Van Uylenburgh took over the business of Cornelis van der Voort and became an art dealer, employing painters in his own studio. In 1631 Rembrandt moved into van Uylenburgh's house (adjacent to Rembrandt's later home, now the Rembrandt House Museum) to work in Van Uylenburgh's studio. Rembrandt became chief painter of the studio and in 1634 married Van Uylenburgh's first cousin Saskia van Uylenburgh.

In 1637 he rented a house called "Kronenborg", formerly owned by Pieter Isaacsz. In 1647 Van Uylenburgh had to move to a new location on Dam square. When his house on Dam square was appropriated to build a new city hall (now the Royal Palace), Van Uylenburgh relocated to Westermarkt square.

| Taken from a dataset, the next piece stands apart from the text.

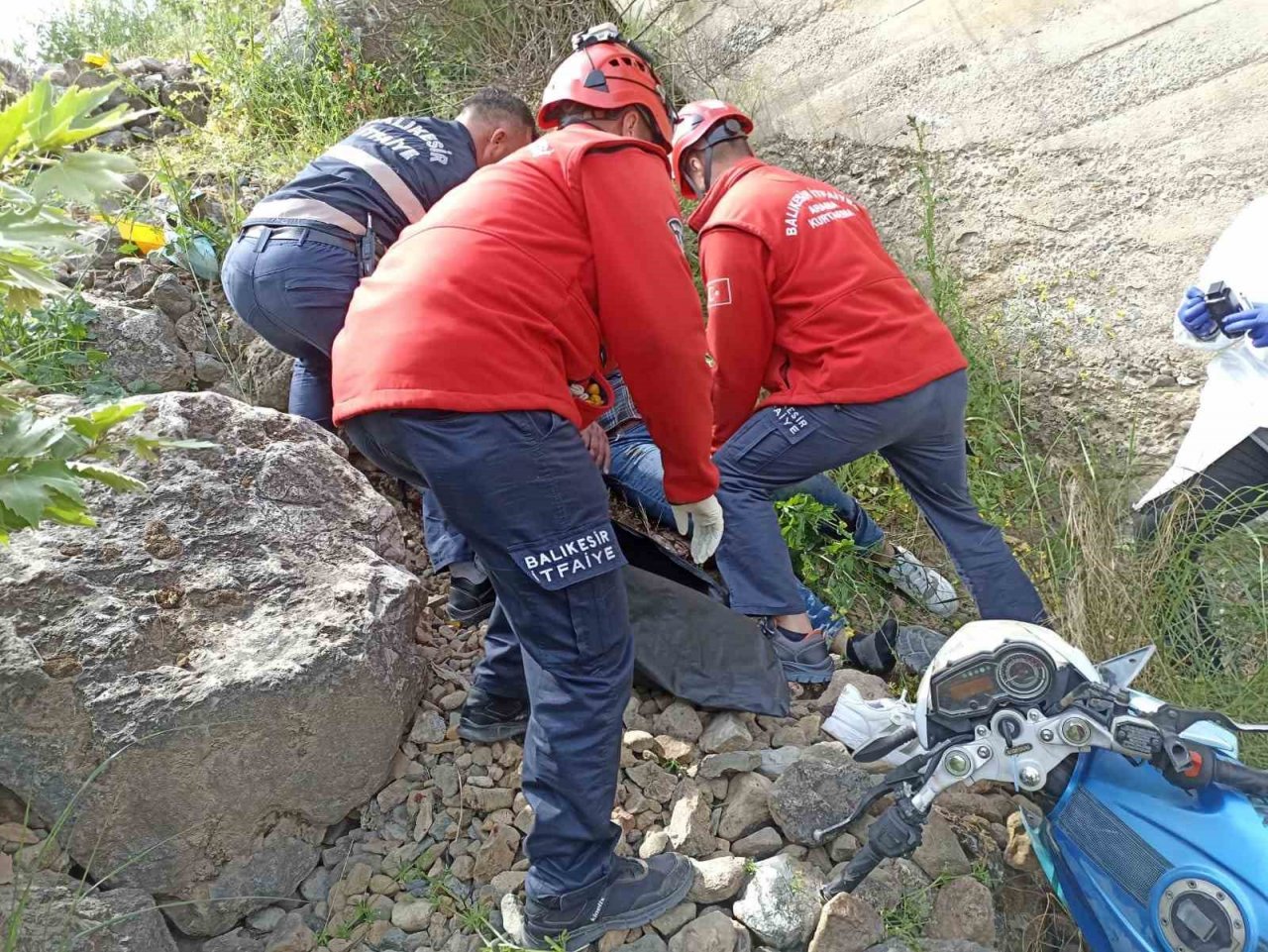 Burhaniye’de köprüden düşen motosikletli hayatını kaybetti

His son Gerrit van Uylenburgh took over the family business after Van Uylenburgh's death and burial in the Westerkerk church in 1661. Gerrit went bankrupt in 1675 following accusations that he had sold forged art to Frederick William, Elector of Brandenburg.

== Posterity ==
In 2006 the Rembrandt House Museum presented an exhibition around Hendrick van Uylenburgh and his son Gerrit. The exhibition was also shown at the Dulwich Picture Gallery in London.